Above all, people who were for example involved in Charter 77 had a hard time finding a job. They were constantly summoned to interrogations. Their children, their relatives were retaliated against. (Inaudible) the children were not accepted to school or, or and the like. Sometimes, this manifested itself in physical violence. A person was beaten up, bashed up and driven blindfolded outside the city limits into the forest. He did not know where he was in the cold or something similar.

Nobody ever knew when a house search would take place. When I was writing something, I had to always take several finished pages somewhere to hide so that I would not store them in my house when a house search was performed since they would be confiscated. So this is how dissidents or the opposition were persecuted. There were several different forms of persecution here and several manifestations of it. Nevertheless, at the same time, somehow, this strengthened these relationships and made solidarity with one another stronger.
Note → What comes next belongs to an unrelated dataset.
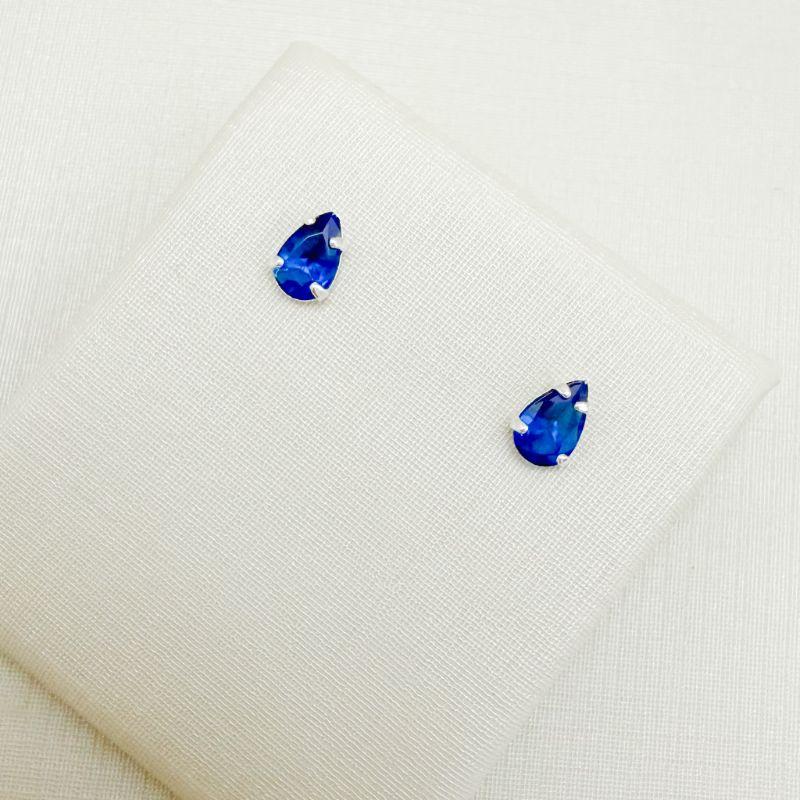 07.2877.4.S - (Tam.P) Brinco ponto de luz em formato gota com cravação de garras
I think, I think that a very important thing, which I always repeat when I speak with dissidents from those countries where a certain kind of dictatorship still exists, that a very important thing was the good feeling that we were doing something right, something that should be done, that we were not, we did not have that unpleasant feeling of certain uncleanness, grubbiness with the, resulting from the fact that we compromise or we do not say what we really think, that we bend, we conform to the pressure.
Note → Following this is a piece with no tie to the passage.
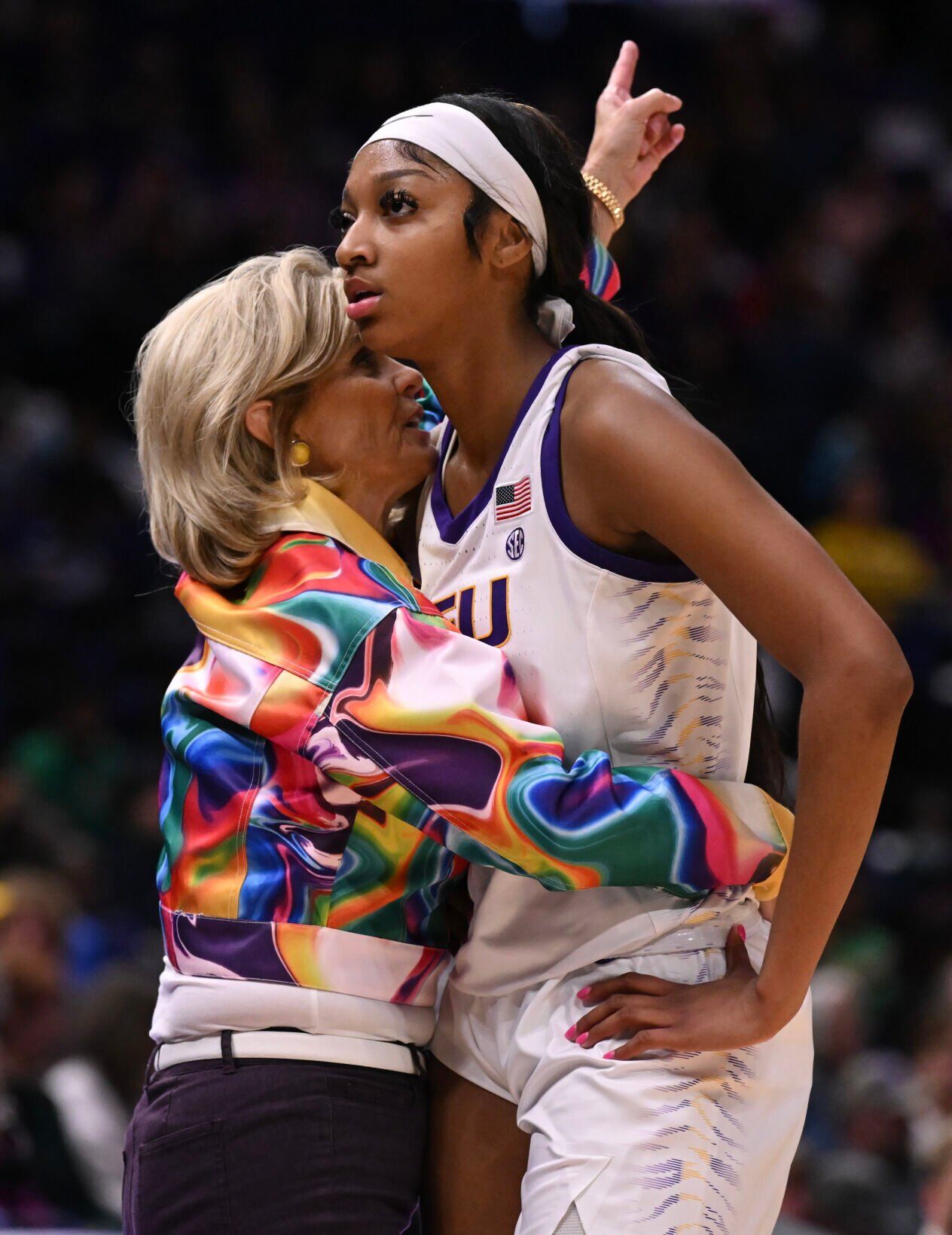 Sylvia Fowles Symbolically Passed The Double-double Crown To LSU’s ...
The basic, that sort of freeing feeling, is important and it is more important than the question of when and how this will transform into some noticeable, noticeable success. It could transform tomorrow, the day after tomorrow, in ten years or it might never transform. That cannot be calculated, calculated with, even though it is better when it transforms tomorrow.

Well, partly, that patience does pay, that that is probably the basic lesson in our, in our case. Well, of course, I would have done many details probably better having had today’s experience, but, on the other hand, I think that it is good that, as a younger person, I was more courageous, bolder and more energetic than I am today.

When I think of some of my actions mainly after, during the revolution and at the very beginning of my presidency, when I think of some of my actions, I mildly blush. And, on the other hand, I tell myself that it is good that it was the way it was. That, perhaps, I would not be as, as courageous and everything would not have the same effect, had I had the amount of experience I have today.